Exercise directions =
Repeat the records below exactly from the line containing "朱砂保平安客厅葫芦摆件" to the line containing "Drew House Zip Hoodie Light Pink Men", taking in both of those lines. Drop the pictures.

Records to use =
▬▬▬

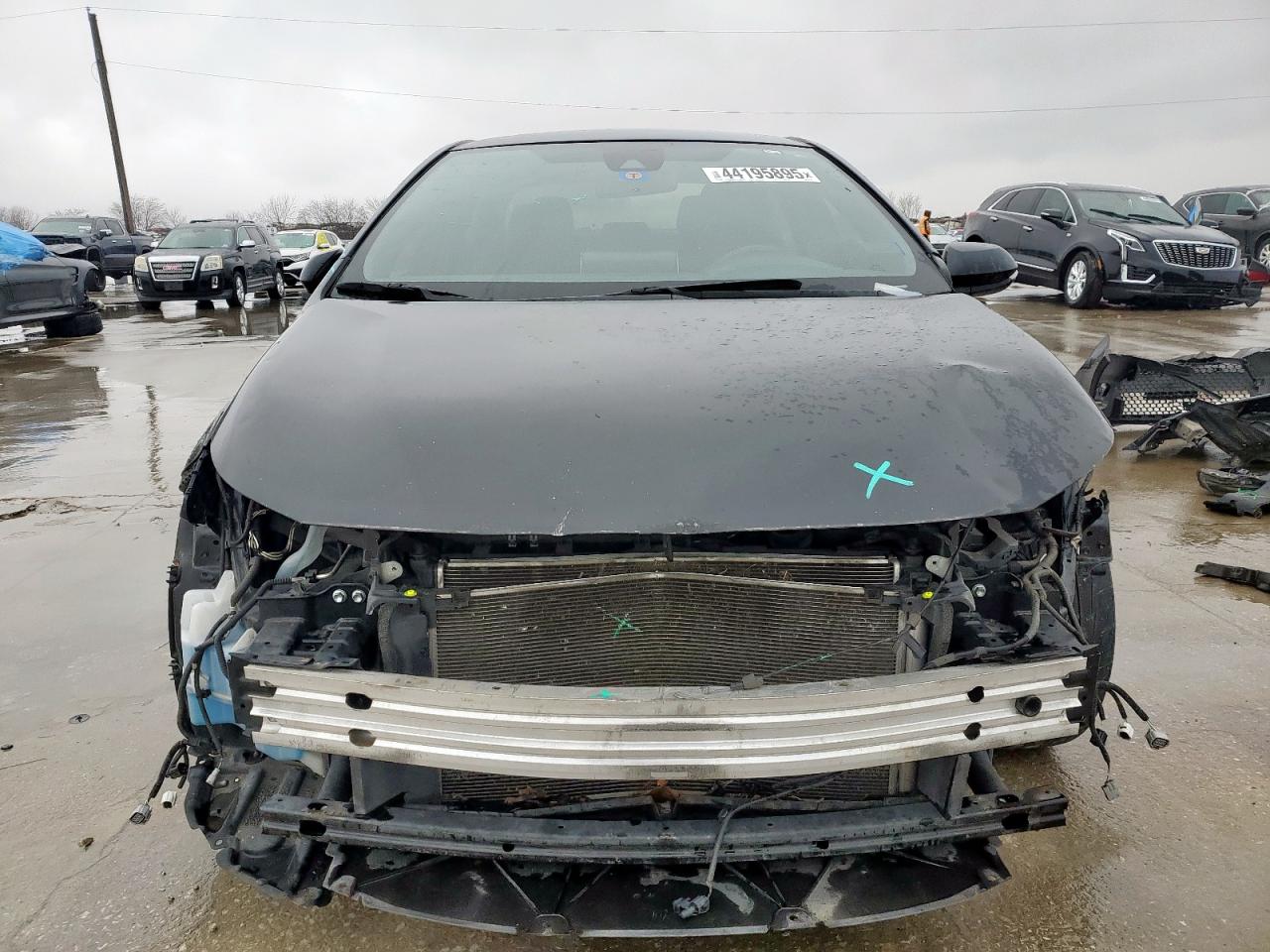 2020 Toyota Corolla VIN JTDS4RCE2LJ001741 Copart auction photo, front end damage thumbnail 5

▬▬▬

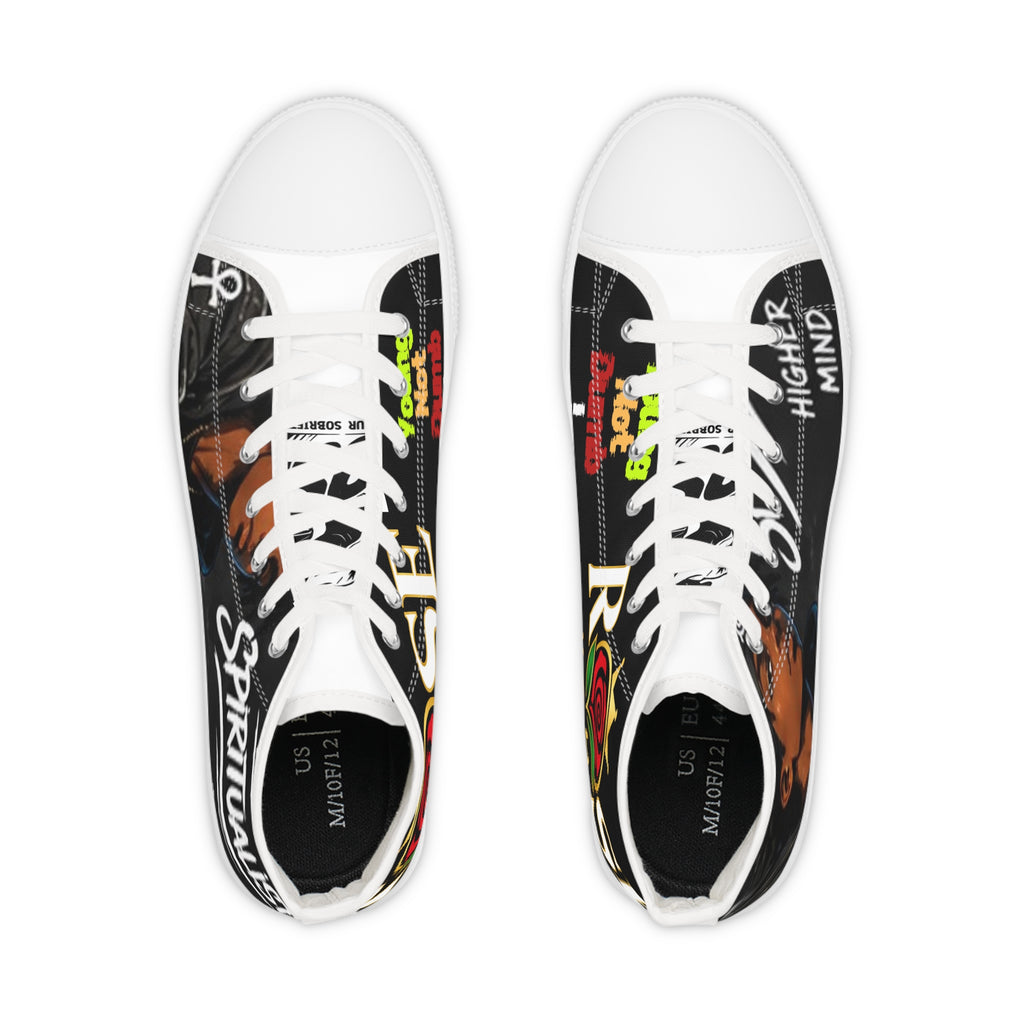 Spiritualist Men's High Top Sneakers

▬▬▬

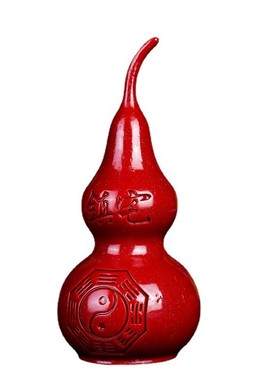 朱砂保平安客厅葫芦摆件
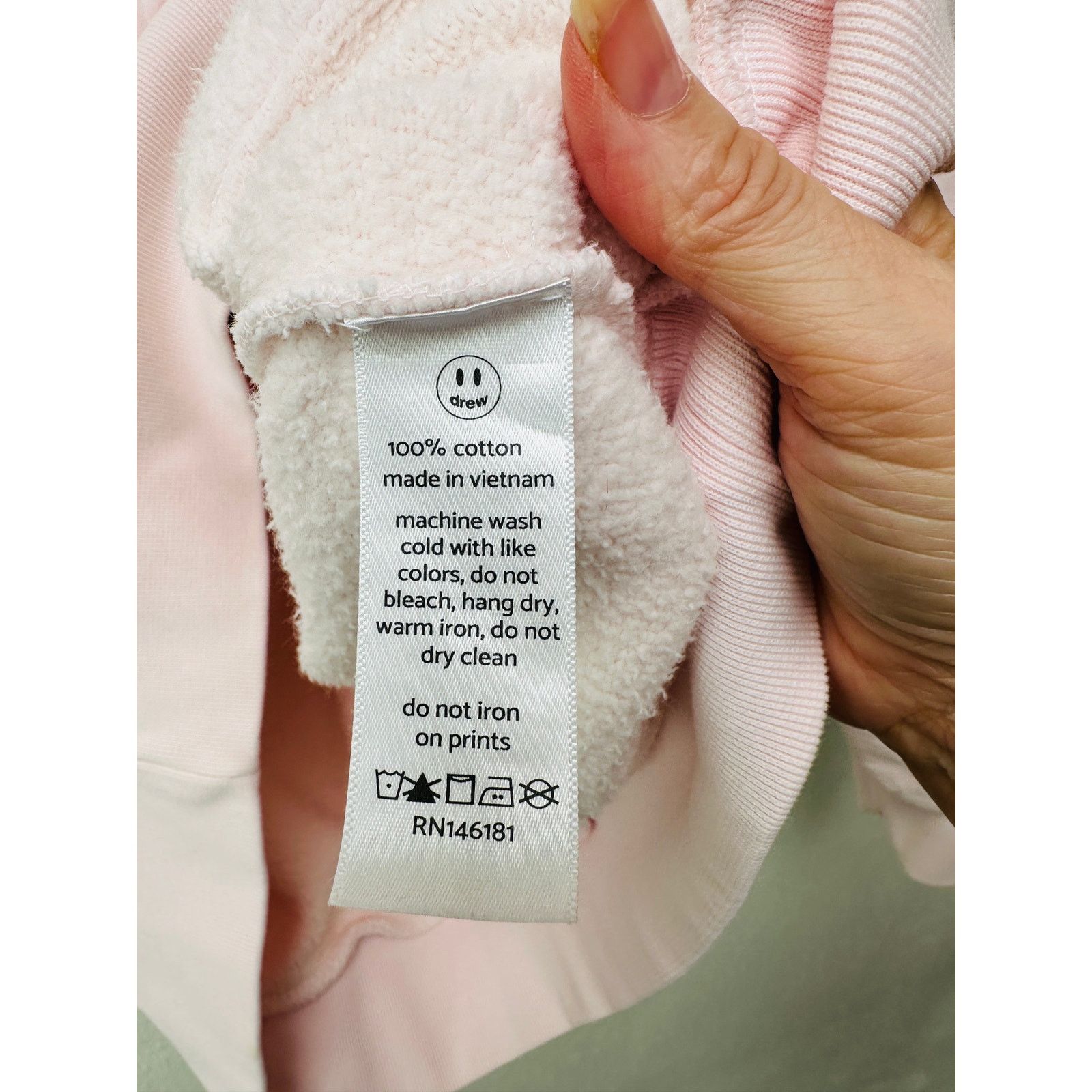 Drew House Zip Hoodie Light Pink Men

▬▬▬

Expected output =
 朱砂保平安客厅葫芦摆件
 Drew House Zip Hoodie Light Pink Men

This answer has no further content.